Material for this task:
--- START ---

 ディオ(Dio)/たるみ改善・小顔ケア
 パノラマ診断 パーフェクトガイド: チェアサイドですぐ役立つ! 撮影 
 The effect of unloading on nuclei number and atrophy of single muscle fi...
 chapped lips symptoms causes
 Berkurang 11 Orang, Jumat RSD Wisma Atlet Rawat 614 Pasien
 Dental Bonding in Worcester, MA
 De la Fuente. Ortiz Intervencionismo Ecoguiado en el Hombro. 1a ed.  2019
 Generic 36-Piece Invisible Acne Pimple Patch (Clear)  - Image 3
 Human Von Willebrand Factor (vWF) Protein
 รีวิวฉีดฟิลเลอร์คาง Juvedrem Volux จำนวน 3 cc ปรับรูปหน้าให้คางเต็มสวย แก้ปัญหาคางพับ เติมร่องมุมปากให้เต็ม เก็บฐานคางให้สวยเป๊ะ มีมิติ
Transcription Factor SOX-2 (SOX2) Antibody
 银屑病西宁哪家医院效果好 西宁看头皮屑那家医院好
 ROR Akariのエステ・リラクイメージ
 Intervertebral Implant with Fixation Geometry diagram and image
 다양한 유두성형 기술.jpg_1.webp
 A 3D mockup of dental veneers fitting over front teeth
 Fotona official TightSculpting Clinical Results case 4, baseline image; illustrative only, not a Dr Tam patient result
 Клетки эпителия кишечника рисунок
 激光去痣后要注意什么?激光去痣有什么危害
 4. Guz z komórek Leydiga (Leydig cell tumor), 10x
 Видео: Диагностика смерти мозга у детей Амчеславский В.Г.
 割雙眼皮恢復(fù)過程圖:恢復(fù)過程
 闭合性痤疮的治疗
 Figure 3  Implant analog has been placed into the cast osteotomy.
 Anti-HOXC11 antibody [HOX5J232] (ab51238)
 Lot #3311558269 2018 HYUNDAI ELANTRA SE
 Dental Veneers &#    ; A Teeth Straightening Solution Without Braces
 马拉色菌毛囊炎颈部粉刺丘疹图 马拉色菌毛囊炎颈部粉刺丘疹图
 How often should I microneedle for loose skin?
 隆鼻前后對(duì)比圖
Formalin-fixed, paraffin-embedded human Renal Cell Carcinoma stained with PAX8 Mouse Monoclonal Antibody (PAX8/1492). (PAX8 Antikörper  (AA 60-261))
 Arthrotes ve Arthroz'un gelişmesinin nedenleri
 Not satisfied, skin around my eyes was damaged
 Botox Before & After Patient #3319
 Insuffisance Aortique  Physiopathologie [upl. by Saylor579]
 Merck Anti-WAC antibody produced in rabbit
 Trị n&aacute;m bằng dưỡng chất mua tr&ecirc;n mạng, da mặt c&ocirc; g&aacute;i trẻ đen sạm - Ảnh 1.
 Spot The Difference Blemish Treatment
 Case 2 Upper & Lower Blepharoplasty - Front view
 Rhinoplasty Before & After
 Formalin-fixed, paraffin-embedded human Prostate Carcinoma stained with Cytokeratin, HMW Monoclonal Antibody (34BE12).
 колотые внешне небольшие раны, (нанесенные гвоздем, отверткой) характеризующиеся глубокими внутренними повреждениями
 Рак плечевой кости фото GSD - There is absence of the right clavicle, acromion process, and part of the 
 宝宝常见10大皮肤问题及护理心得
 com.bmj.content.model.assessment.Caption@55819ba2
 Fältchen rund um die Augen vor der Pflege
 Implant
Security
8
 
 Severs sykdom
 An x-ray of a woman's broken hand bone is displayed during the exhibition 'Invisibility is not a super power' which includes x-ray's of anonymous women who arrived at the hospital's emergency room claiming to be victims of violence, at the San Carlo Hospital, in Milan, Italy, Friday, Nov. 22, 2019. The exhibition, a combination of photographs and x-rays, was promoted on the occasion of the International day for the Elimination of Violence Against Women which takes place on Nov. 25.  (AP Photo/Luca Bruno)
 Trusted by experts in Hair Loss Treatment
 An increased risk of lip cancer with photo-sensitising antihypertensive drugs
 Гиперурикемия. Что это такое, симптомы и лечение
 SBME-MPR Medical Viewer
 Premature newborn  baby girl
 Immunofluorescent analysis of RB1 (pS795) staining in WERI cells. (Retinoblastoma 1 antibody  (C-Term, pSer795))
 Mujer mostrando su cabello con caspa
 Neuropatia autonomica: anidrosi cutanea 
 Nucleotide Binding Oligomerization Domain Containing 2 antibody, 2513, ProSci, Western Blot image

--- END ---

Directions: Which lines above run from the one containing "A 3D mockup" down to the one containing "4. Guz z komórek"? Repeat exactly those, both ends included, and nothing else.

Exercise response:
 A 3D mockup of dental veneers fitting over front teeth
 Fotona official TightSculpting Clinical Results case 4, baseline image; illustrative only, not a Dr Tam patient result
 Клетки эпителия кишечника рисунок
 激光去痣后要注意什么?激光去痣有什么危害
 4. Guz z komórek Leydiga (Leydig cell tumor), 10x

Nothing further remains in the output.